Thursday, November 21, 2013

Yes, I Still Care

As I reflected about my post last week: Who Cares?, I began to wonder if I didn't overstep my bounds.  Some may see this post as an attempt to cover my tail, and in some ways perhaps it is.  But I think I need to add these words to further define my role/a pastor's role in caring for members in a congregation.

My entire goal in the previous post was to encourage all members within congregations to care for one another and not view such care as exclusive to the pastor/clergy.   Jesus didn't say, "Clergy members are to feed the hungry, give drink to the thirsty, clothe the naked, and visit the sick and imprisoned."  (paraphrasing the end result of Matthew 25)  Not at all.  Jesus called all of His followers to do such things.

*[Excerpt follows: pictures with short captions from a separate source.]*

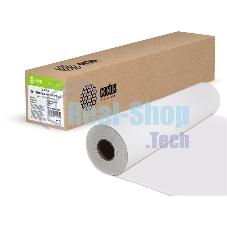 Холст Cactus CS-MC230-61030 24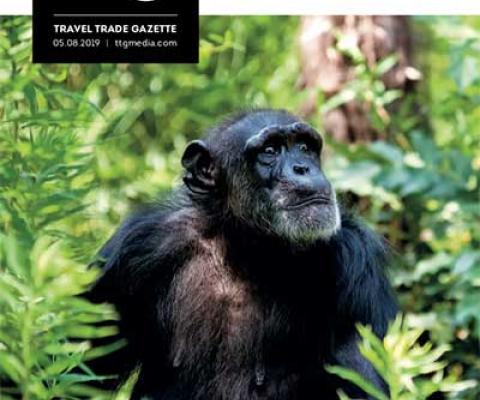 Travel Trade Gazette 5 August 2019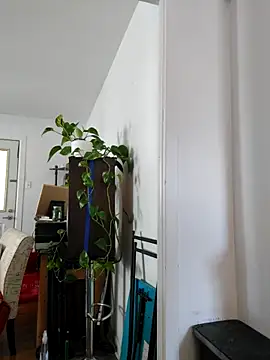 QcMisterv13 online show from 09-30-25, 02:22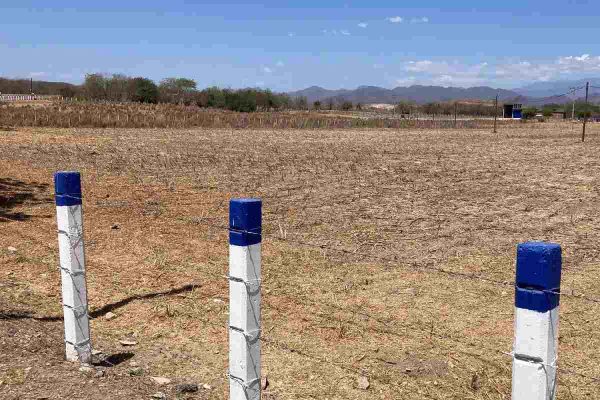 Campo seco en Concordia, Sinaloa
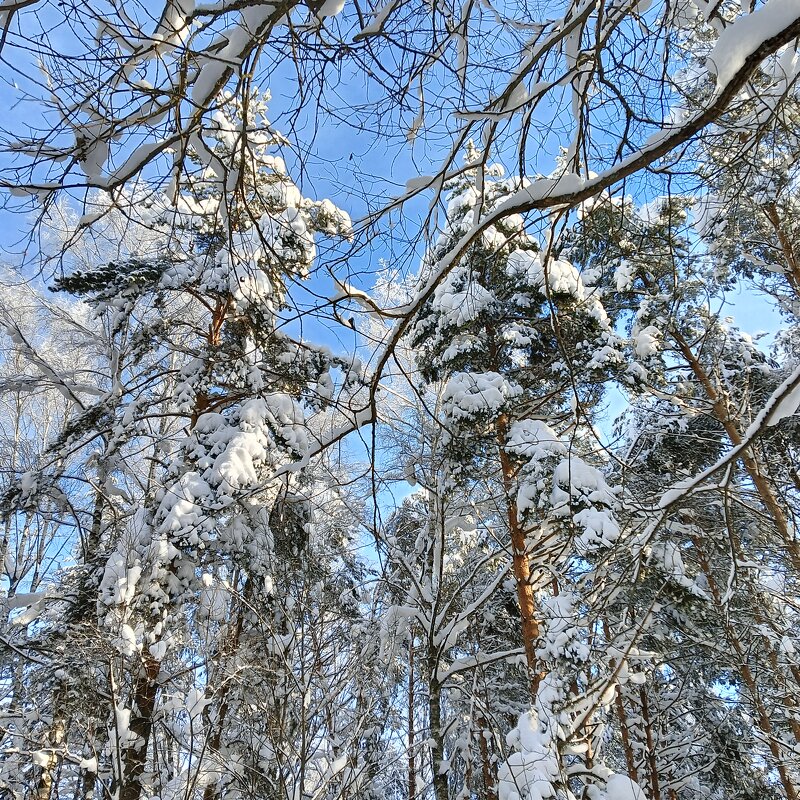 деревья покрылись существами - Владимир 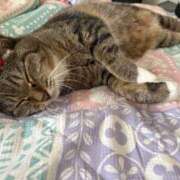 ヒメ日記 2025/10/05 23:05 投稿 あすか♪ プリティーガール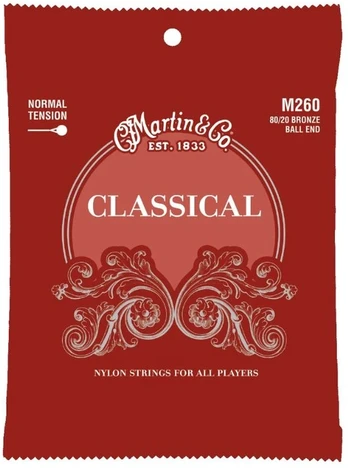 Stygos klasikinei gitarai Martin M260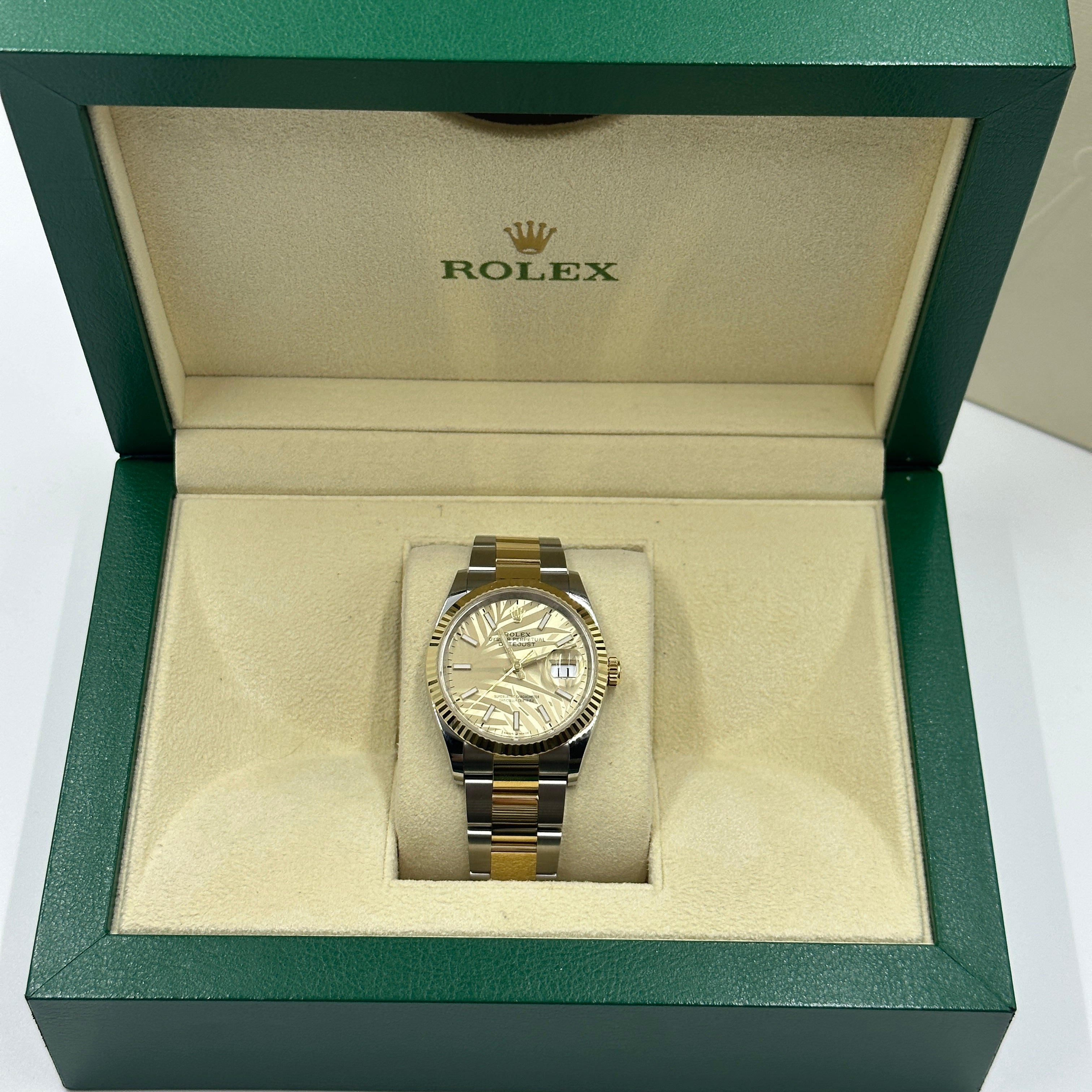 Rolex Datejust 36 126233 Champ Palm Oyster 2024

Clergy are not singled out nor exempted.

Which means that I believe clergy are indeed called to model and equip others on how to care for one another in a congregational setting.
  • This means clergy/I should/will continue to visit the sick.
  • This means clergy/I should/will continue to counsel people when in need.
  • This means clergy/I should/will continue to check on people who are undergoing long-term treatments.
  • This means clergy/I should/will continue to be with families who lose a loved one and endure the grief process.
  • This means clergy/I should/will continue to receive and make phone calls when a need arises.
I do not believe clergy/I are/am ever exempted from doing these things.  Whenever clergy cease to interact with people--real people who inhabit the church pews/seats on Sunday morning, then I think they become more CEO, executive types.   Now, such types may be necessary in mega-churches, but I have my doubts.

I think one can still head a large organization and still have plenty of personal contact with those in need.

I hope no one viewed my post as an attempt to say, "I don't need to care."  Far be it from that.  In reality, it was a desire to expand the view and show that the responsibility for care falls not on one but upon all.